ZAKARIA: Soviet institutions like the KGB simply ceased to exist.

UNIDENTIFIED MALE: Vladimir Putin views the breakup of the Soviet Union as he said himself to be the greatest geopolitical tragedy of the 20th century.

ZAKARIA: It was a traumatic time and it sparked a profound change in Vladimir Putin. He became a politician, Deputy Mayor in his hometown of St. Petersburg. It was not a big job, but Putin clearly had big dreams.


He commissioned this rarely seen documentary about himself presenting Vladimir Putin the credits read in power.
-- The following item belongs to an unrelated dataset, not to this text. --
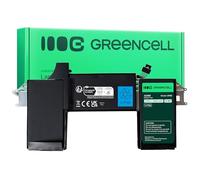 Green Cell Batería para Apple MacBook Air M1 13 A2337 (2020) A2337 M1 M1-2020 M1-A2337-2020 M1-MacBookAir10,1 M1-MGN63ZE/A M1-MGN73ZE/A Portátil (2700mAh 11.3V Negro)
Weirdly, the soundtrack is from the Broadway show "Cats." The ambitious Putin may have already been looking towards Moscow, because the Russian people were desperate for strong leadership. Under President Boris Yeltsin, the new democracy was a mess.

UNIDENTIFIED FEMALE: The entire soviet system, it just collapsed.
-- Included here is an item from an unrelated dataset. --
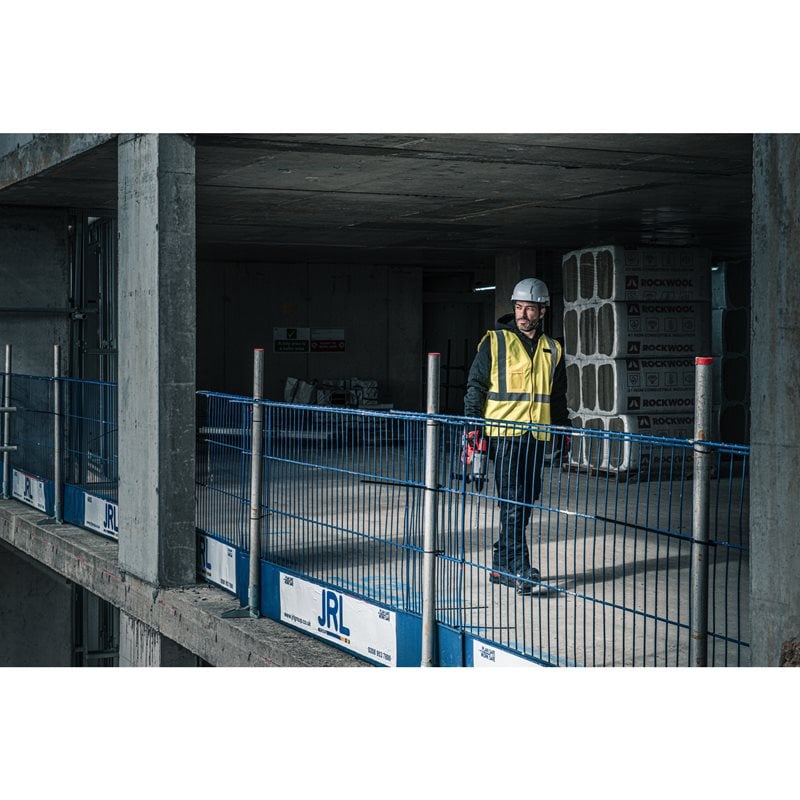 Milwaukee Reflexní vesta žlutá (4XL/5XL)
ZAKARIA: The oligarchs, the men who profited on the spoils of communism, became fantastically rich.

UNIDENTIFIED MALE: Mercedes Benz is selling more of the top line cars in Russia than in all of the rest of Europe. ZAKARIA: But ordinary Russians were sinking into desperate poverty.

There were dire food shortages, even starvation.

UNIDENTIFIED MALE (TRANSLATOR): I don't know how to feed my kids without milk. I just don't know what we're going to do.

ZAKARIA: President Boris Yeltsin was in charge, but he seemed increasingly unstable.

UNIDENTIFIED MALE: He is drinking -- he is barely being propped up.

ZAKARIA: Russians began calling for a new leader.

UNIDENTIFIED MALE: They were tired of the embarrassments of Yeltsin.

ZAKARIA: Waiting in the wings was Vladimir Putin. He had taken a job in Moscow in the kremlin hierarchy and he had risen through the ranks with lightning speed.

UNIDENTIFIED MALE: Kremlin superstar.

ZAKARIA: He had just become acting Prime Minister when it became blindingly clear that country needed a new President.

UNIDENTIFIED MALE: So when Yeltsin was ready to topple over, they settled on Putin because they knew the Yeltsin could retire and not be put in jail.

ZAKARIA: Boris Yeltsin was notoriously corrupt, but kremlin powerbrokers wanted to protect him.

UNIDENTIFIED MALE: So the deal was made. Deal was made.

ZAKARIA: December 31st, 1999.

UNIDENTIFIED MALE: Surprise announcement from Boris Yeltsin. That he is resigning as President and turning over power to his Prime Minister, Vladimir Putin.

[23:15:08] ZAKARIA: In the very first moments of the 21st century, Vladimir Putin became President of Russia. His first words -- we live in a competitive world and we are not among its leaders. And right away, Putin began to change his country. He joined soldiers on the front lines of the war in Chechnya. He reassured Russians that better times were ahead.

UNIDENTIFIED MALE (TRANSLATOR): I think we'll get paid and we'll have work.

ZAKARIA: The country quickly fell in love with Vladimir Putin. The number one song in Russia was called "A man like Putin."

UNIDENTIFIED FEMALE: He is just very -- he is a beautiful man, you see.

ZAKARIA: But the biggest surprise -- America also loved Vladimir Putin. President George W. Bush thought he found a kinward (ph) spirit.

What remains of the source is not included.